Ultrasonic-assisted drilling (UAD) is a machining process that is known to improve the hole quality and reduce cutting forces. Previous studies focused on optimizing cutting parameters to improve the hole quality in conventional drilling (CD) and UAD, as well as to finding the optimum vibration parameters (frequency and amplitude) that will increase the effectiveness of the UAD process. However, the influence of cutting tool type during UAD has been largely overlooked. This research aims to address this gap by analyzing the effect of cutting tool type during UAD on the cutting forces and hole quality in GLARE (Glass Laminate Aluminum-Reinforced Epoxy) laminates.

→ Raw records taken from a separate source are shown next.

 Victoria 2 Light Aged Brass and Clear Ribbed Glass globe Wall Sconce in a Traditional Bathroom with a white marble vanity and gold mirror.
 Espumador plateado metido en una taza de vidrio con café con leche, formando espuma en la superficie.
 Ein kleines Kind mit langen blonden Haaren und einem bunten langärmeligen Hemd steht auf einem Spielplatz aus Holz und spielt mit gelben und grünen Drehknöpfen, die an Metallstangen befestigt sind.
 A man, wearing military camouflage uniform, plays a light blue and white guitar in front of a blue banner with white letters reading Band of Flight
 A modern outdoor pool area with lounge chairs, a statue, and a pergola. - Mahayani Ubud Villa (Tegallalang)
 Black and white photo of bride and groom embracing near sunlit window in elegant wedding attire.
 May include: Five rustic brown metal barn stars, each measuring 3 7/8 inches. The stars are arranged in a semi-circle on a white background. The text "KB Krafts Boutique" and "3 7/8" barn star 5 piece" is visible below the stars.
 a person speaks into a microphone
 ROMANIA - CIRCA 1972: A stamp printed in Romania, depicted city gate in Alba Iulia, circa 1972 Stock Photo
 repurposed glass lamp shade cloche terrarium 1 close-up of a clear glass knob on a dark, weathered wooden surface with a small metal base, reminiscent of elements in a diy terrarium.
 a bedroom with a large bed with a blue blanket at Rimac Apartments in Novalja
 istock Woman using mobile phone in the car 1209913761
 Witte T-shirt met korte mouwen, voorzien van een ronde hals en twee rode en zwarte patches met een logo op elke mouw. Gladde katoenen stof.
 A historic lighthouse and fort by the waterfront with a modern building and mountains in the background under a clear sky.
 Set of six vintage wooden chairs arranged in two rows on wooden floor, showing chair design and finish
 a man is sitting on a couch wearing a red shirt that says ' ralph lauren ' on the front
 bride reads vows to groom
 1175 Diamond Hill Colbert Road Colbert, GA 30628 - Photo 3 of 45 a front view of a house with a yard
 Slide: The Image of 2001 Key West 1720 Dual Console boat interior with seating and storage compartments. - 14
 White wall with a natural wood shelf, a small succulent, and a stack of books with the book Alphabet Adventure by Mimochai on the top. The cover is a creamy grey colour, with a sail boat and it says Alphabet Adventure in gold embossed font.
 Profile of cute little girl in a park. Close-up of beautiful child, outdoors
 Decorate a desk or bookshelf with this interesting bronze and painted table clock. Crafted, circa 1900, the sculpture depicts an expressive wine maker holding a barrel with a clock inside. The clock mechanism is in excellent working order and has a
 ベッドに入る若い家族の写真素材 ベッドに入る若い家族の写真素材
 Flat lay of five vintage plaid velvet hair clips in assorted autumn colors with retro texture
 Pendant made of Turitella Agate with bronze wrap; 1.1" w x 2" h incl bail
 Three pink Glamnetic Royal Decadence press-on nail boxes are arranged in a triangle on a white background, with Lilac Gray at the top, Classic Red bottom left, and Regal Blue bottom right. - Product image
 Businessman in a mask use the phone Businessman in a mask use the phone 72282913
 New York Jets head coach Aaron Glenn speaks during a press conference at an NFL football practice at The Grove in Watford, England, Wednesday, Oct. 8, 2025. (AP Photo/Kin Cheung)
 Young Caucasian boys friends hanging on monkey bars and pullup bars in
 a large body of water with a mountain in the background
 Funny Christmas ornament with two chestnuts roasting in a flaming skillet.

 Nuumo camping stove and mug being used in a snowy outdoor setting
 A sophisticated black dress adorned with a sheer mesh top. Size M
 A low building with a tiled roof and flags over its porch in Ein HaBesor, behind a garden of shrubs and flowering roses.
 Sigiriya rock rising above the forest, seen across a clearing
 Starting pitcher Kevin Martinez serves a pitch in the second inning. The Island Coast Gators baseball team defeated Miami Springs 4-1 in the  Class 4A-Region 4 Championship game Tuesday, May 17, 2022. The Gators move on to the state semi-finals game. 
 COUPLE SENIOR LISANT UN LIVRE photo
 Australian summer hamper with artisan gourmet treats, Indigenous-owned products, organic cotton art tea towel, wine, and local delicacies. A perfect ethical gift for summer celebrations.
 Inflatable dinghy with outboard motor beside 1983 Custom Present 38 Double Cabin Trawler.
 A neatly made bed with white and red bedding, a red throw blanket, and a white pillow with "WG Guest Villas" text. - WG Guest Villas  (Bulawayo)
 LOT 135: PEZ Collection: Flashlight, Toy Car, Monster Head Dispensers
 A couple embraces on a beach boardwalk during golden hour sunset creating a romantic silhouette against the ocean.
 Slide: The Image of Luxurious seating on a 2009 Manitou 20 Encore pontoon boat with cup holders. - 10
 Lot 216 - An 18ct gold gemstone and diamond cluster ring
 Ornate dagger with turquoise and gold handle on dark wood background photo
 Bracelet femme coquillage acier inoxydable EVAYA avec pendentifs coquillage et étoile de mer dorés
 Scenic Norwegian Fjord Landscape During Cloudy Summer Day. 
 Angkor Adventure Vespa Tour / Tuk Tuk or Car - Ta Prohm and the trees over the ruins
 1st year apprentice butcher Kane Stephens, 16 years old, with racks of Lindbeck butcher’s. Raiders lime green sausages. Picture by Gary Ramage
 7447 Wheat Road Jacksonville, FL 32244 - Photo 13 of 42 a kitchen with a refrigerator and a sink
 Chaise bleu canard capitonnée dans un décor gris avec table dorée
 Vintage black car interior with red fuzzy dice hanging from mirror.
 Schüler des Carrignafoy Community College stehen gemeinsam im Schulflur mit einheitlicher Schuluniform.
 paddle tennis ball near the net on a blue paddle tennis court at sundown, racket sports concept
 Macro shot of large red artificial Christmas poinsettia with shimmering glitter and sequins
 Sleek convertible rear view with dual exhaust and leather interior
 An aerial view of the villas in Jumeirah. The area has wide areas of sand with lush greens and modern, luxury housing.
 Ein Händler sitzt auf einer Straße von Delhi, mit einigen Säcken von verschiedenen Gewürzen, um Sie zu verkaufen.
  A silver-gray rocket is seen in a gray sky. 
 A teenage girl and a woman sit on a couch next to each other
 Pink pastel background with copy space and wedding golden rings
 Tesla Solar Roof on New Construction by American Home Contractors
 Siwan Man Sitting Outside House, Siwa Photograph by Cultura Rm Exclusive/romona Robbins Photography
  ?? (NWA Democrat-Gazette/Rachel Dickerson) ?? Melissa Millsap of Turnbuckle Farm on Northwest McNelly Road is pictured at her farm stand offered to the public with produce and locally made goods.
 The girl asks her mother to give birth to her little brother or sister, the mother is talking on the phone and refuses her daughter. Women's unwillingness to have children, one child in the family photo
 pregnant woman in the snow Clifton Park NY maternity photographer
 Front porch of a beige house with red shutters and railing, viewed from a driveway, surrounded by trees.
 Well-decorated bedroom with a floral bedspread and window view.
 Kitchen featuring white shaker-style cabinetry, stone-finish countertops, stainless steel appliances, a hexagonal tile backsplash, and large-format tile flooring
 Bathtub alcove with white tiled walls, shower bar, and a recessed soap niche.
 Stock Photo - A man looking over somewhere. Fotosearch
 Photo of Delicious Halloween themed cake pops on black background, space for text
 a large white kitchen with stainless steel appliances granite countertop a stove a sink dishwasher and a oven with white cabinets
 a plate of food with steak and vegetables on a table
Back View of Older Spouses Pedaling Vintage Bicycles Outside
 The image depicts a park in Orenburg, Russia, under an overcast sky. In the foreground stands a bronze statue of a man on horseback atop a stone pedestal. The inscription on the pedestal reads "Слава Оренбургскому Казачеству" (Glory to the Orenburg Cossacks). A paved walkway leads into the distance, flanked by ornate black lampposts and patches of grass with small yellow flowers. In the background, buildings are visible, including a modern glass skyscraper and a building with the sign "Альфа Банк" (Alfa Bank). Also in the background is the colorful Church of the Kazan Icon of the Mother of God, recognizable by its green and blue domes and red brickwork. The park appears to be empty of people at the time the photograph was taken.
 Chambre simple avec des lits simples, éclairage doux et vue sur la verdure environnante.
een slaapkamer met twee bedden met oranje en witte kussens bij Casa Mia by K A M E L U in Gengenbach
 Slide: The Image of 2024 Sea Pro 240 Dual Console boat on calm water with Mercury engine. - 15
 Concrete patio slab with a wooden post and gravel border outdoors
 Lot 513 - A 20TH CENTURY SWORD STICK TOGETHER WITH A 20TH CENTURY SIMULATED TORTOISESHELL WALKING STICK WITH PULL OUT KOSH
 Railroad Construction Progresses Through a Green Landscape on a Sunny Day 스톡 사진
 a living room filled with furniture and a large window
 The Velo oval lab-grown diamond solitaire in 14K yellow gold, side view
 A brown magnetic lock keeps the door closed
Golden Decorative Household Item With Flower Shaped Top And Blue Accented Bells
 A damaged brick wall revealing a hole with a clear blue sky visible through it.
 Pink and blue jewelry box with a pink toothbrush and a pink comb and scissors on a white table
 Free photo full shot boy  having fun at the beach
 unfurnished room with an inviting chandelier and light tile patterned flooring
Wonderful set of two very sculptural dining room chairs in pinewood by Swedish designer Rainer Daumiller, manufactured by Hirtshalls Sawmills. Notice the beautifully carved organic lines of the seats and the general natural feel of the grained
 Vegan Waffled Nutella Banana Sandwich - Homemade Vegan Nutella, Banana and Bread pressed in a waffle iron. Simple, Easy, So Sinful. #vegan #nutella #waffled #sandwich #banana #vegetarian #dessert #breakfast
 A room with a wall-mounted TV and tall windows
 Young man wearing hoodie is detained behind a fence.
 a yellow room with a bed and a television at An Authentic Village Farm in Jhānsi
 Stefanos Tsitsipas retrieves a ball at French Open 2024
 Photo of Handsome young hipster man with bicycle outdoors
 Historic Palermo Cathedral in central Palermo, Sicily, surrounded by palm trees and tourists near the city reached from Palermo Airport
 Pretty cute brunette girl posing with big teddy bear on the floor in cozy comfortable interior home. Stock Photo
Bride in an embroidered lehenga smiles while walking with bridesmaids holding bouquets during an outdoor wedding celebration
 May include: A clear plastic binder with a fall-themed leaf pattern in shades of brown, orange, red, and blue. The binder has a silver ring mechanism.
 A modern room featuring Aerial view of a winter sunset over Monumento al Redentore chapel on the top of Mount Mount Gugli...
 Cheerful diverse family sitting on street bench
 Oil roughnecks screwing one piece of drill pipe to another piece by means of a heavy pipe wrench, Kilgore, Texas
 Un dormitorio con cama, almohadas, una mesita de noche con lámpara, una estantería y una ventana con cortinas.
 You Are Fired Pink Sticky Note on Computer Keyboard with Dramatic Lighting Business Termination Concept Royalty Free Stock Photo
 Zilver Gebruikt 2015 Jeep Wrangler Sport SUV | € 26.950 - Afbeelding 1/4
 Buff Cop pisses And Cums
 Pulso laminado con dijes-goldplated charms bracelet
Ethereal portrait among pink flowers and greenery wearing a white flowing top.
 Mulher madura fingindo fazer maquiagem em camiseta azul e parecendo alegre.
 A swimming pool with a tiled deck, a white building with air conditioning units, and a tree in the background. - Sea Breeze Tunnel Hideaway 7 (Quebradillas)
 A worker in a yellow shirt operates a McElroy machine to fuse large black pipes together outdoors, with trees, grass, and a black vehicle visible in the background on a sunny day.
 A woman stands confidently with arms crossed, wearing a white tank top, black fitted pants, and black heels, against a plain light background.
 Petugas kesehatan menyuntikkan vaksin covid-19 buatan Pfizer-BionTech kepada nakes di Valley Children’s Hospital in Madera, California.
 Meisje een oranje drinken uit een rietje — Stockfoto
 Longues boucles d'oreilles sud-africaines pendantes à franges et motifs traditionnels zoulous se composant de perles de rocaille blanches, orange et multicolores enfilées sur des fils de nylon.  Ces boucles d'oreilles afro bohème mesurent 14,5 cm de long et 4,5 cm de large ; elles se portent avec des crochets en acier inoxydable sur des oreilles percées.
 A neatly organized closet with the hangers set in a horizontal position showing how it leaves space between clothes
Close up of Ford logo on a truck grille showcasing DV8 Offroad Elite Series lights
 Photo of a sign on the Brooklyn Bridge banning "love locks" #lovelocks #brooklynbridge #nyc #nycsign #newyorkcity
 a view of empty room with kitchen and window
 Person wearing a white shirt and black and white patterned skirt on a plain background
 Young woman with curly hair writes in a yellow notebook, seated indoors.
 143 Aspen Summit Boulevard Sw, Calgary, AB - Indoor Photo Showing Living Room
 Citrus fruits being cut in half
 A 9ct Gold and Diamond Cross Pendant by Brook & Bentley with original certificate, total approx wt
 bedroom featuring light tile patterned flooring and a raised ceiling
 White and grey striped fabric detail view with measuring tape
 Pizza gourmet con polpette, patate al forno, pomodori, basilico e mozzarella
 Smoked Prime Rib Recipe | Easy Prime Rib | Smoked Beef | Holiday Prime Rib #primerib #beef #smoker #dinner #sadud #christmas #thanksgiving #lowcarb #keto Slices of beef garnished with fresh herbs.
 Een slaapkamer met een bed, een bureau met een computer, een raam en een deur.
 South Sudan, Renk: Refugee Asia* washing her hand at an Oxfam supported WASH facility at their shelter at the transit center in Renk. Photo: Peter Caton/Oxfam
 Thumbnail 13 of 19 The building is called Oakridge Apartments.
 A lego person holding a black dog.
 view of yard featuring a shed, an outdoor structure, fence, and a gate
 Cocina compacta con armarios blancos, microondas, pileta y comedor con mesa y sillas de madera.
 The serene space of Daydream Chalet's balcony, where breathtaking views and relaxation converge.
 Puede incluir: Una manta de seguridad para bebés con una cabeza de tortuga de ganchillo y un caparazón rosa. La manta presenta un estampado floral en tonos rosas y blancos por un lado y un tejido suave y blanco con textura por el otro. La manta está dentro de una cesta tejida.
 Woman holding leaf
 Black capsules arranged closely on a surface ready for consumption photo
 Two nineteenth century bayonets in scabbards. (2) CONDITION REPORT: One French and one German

Four types of drills, namely, twist drill (TD), double cone drill (DCD), a step drill type 1 (SD1), and step drill type 2 (SD2) with different step length, were selected for this study. The lowest thrust force (47.04 N) and torque (0.079 Nm) were achieved using twist drill, while DCD, SD1, and SD2 exhibited higher thrust forces (12.81%, 20.69%, 41.3%) and torques (94%, 92%, 91%), respectively. In addition, TD produced high-quality holes with lowest surface roughness (Ra 1.66 μm, Rz 10.58 μm) and minimal burr formation (entry burr height 152.3 μm, exit burr height 69.22 μm). Conversely, DCD, SD1, and SD2 showed higher surface roughness Ra (23%, 16%, 24%) and Rz (16%, 37%, 29%), respectively, compared to the TD. Holes drilled using SD1 and SD2 generally had smaller burr height. Overall, UAD system effectively reduced cutting forces at low spindle speed and feed rate. To achieve higher drilling quality, specifically to reduce the surface roughness and exit burr height, a medium spindle speed of 3000 rpm, a feed rate of 225 mm/min is recommended. Drilling at higher cutting parameters using UAD resulted in a decline in hole quality, except for entry burr height.